It is well-established that upon finding by a preponderance of the evidence that a defendant
has violated the terms of his probation, a trial court is authorized to order the defendant to serve the
balance of his original sentence in confinement. See Tenn. Code Ann. §§ 40-35-310 and -311(e)
(2003); State v. Harkins, 811 S.W.2d 79, 82 (Tenn. 1991). The Lincoln County Circuit Court’s order
reflects that the petitioner’s probation was revoked and he was ordered to “serve the balance.” In
other words, the court, as authorized, ordered the petitioner to serve the balance of his original
twenty-year sentence. The petitioner has not yet completed service of this twenty-year sentence.
Accordingly, the Wayne County Circuit Court did not err in dismissing the petitioner’s petition for
writ of habeas corpus as he failed to prove that his sentence had expired.

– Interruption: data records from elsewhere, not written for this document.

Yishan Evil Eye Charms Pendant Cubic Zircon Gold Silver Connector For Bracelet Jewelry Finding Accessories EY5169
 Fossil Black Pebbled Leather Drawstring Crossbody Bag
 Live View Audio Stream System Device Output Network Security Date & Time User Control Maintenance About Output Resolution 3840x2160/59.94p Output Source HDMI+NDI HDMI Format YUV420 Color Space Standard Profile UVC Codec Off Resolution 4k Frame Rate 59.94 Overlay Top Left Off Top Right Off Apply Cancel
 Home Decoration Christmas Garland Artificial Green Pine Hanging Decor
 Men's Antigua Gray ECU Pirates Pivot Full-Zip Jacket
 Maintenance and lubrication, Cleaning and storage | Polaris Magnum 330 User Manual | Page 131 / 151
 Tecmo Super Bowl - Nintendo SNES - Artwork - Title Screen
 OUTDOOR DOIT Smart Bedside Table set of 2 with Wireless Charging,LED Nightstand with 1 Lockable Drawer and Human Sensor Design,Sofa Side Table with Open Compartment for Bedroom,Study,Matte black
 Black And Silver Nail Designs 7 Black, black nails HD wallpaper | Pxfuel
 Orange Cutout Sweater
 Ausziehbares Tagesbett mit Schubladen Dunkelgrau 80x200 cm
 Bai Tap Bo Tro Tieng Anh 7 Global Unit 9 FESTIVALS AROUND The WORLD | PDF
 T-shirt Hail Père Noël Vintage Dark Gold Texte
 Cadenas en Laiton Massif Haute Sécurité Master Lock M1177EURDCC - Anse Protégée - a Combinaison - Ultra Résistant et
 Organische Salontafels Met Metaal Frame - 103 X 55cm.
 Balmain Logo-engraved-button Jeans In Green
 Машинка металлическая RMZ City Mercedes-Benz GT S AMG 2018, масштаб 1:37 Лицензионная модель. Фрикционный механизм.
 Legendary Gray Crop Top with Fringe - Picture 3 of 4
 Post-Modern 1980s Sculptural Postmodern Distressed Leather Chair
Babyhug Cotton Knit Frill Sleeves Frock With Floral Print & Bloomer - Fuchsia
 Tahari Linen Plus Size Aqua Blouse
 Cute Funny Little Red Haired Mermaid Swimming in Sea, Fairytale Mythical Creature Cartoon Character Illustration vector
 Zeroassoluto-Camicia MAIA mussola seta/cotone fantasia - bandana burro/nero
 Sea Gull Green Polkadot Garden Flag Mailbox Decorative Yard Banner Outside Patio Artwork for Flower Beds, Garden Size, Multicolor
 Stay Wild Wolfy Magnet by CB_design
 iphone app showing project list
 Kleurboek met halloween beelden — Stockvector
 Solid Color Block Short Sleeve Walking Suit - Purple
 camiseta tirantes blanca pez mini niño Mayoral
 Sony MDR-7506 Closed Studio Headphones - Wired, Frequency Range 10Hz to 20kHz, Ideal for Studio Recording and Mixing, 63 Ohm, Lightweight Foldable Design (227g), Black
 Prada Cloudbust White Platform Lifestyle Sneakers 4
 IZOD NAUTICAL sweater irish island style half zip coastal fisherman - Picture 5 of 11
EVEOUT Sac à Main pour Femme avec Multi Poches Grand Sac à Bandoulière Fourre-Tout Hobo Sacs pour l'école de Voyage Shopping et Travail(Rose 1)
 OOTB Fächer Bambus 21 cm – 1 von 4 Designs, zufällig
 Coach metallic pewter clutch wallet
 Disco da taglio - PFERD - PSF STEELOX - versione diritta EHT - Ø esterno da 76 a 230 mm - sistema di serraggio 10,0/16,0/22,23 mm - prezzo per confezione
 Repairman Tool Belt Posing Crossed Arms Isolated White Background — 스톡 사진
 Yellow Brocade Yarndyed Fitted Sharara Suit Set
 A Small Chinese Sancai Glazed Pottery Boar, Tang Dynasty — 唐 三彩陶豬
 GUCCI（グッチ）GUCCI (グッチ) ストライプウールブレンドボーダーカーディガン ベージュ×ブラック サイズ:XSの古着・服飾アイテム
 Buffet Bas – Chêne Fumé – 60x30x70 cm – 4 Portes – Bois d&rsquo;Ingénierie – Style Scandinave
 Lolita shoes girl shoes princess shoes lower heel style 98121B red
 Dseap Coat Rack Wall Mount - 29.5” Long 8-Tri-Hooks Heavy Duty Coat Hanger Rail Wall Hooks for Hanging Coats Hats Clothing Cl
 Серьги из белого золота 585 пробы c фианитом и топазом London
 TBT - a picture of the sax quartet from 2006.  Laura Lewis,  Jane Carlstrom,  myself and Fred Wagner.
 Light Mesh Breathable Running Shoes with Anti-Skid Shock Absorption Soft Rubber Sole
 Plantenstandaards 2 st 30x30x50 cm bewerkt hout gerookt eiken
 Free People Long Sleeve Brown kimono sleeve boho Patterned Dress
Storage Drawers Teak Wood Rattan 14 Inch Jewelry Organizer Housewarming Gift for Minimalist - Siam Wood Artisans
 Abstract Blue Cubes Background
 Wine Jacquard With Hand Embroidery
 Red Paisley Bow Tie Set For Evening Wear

On appeal, the petitioner also raises another issue. Following the revocation of the
petitioner’s probation, the Lincoln County Circuit Court entered an order stating, “[I]t appearing to
the Court that the [petitioner’s] probation with Community Corrections has been revoked, it is
ordered by the Court that the [petitioner] shall not be allowed any credit with Community
Corrections.” The petitioner alleges, and the State concedes, that the court erred in denying him
credit for this time. We disagree.
This court has previously explained:
Community corrections is a totally different sentencing
alternative than probation. During the term of probation, the
“sentence” is “suspended.” A defendant is not entitled to any credits
toward the sentence while on probation prior to a revocation. On the
other hand, a defendant is entitled to credits toward the sentence
while on community corrections prior to a revocation.
Michael W. Carpenter v. State, No. M2002-02187-CCA-R3-PC, 2003 WL 21024584, at *1 (Tenn.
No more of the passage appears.